What you need to do –
Go to the line holding "<strong>7. Muz kabuu" in the data below. Return it and each line after it through the last, exactly, and skip the pictures.

Data section –
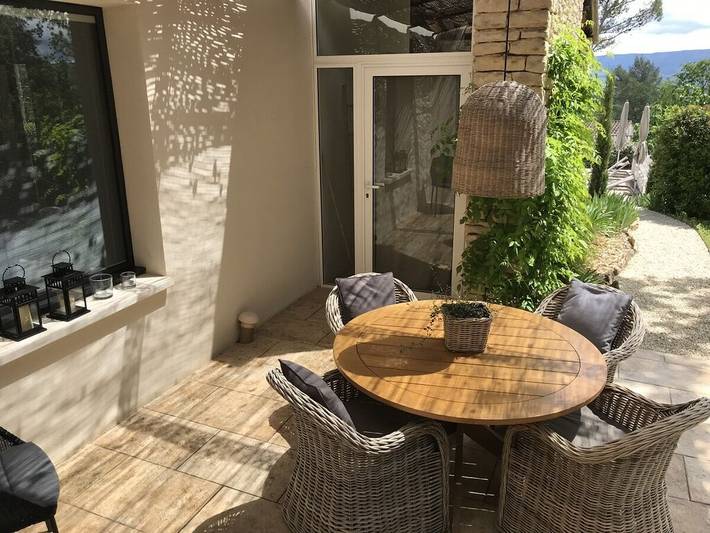 Location de vacances pour 4 personnes, avec piscine ainsi que terrasse et jardin à Cabrières-d'Avignon - 3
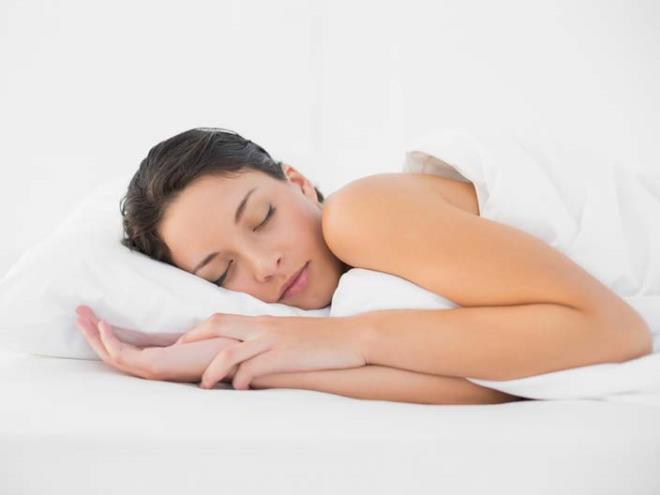 <strong>7. Muz kabuu uyku kalitenizi y&uuml;kseltir</strong>  Mutluluk artrc etkiye sahip triptofan ayrca rahat bir uyku iin de gereklidir.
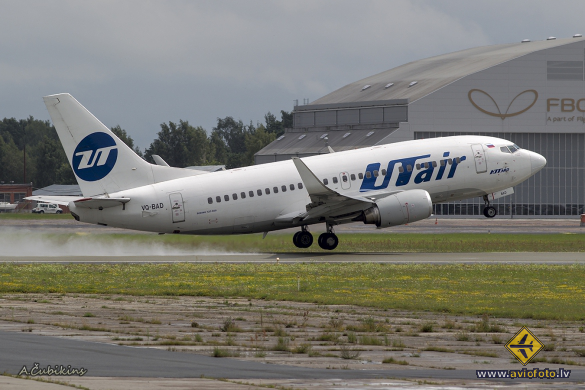 Boeing 737-524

Solution –
 <strong>7. Muz kabuu uyku kalitenizi y&uuml;kseltir</strong>  Mutluluk artrc etkiye sahip triptofan ayrca rahat bir uyku iin de gereklidir.
 Boeing 737-524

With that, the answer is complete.